*EXERCISE REQUIREMENTS*: For this exercise, the lines from the one with "molecular formula C19H13ClN2O3S" through the end of the material below must be output exactly, without pictures.

[[ RAW DATA, beginning ]]

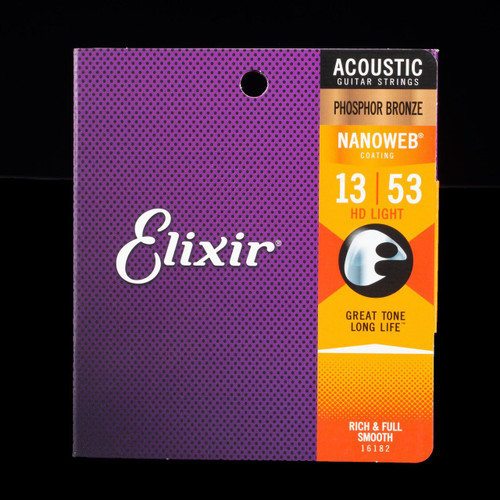 Elixir Phosphor Bronze Nanoweb Coating .013-.053 HD Light Acoustic Guitar Strings
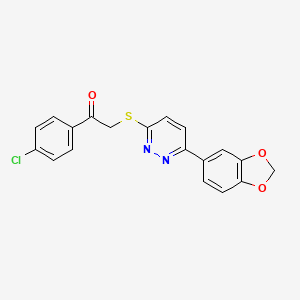 molecular formula C19H13ClN2O3S B2818003 2-[6-(1,3-Benzodioxol-5-yl)pyridazin-3-yl]sulfanyl-1-(4-chlorophenyl)ethanone CAS No. 896049-37-9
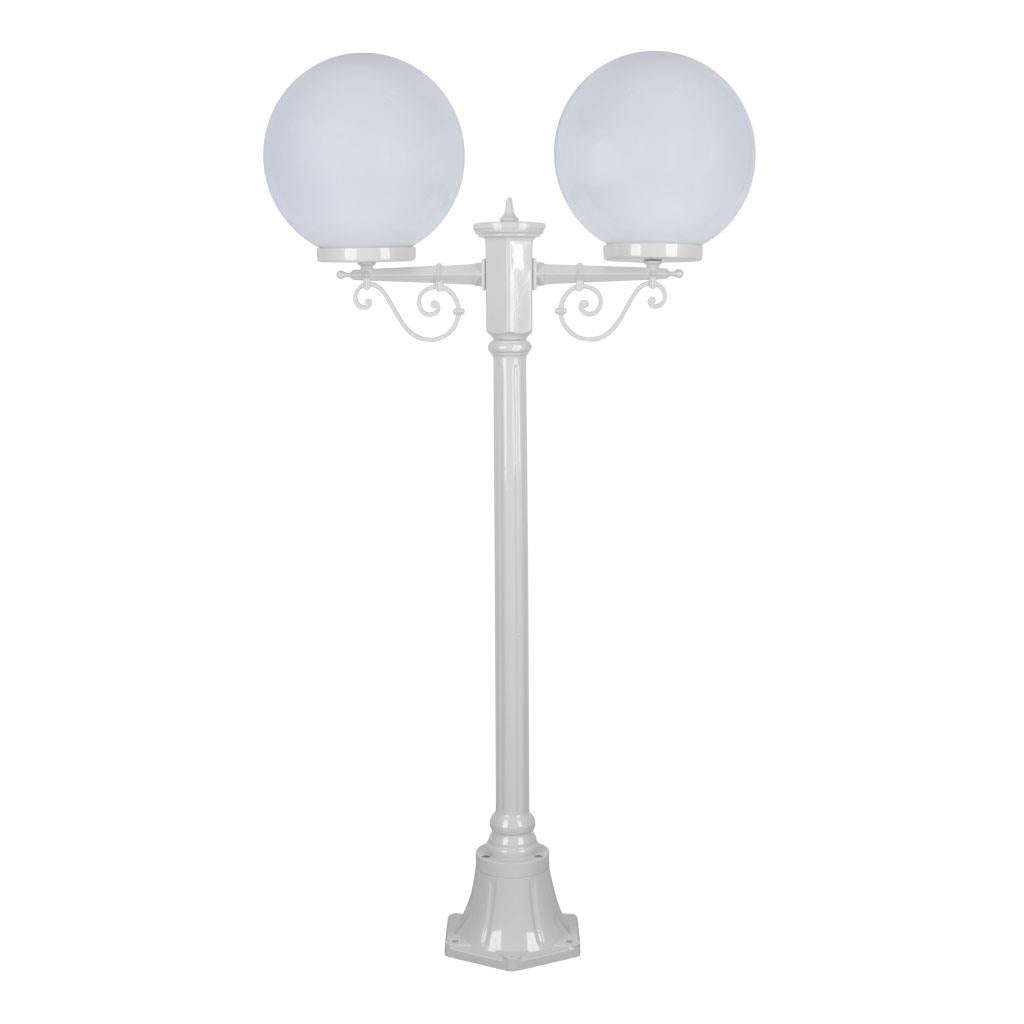 Siena Twin 30cm Spheres Short Post Light White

[[ RAW DATA, end ]]

*REPLY TO THE TASK*:
 molecular formula C19H13ClN2O3S B2818003 2-[6-(1,3-Benzodioxol-5-yl)pyridazin-3-yl]sulfanyl-1-(4-chlorophenyl)ethanone CAS No. 896049-37-9
 Siena Twin 30cm Spheres Short Post Light White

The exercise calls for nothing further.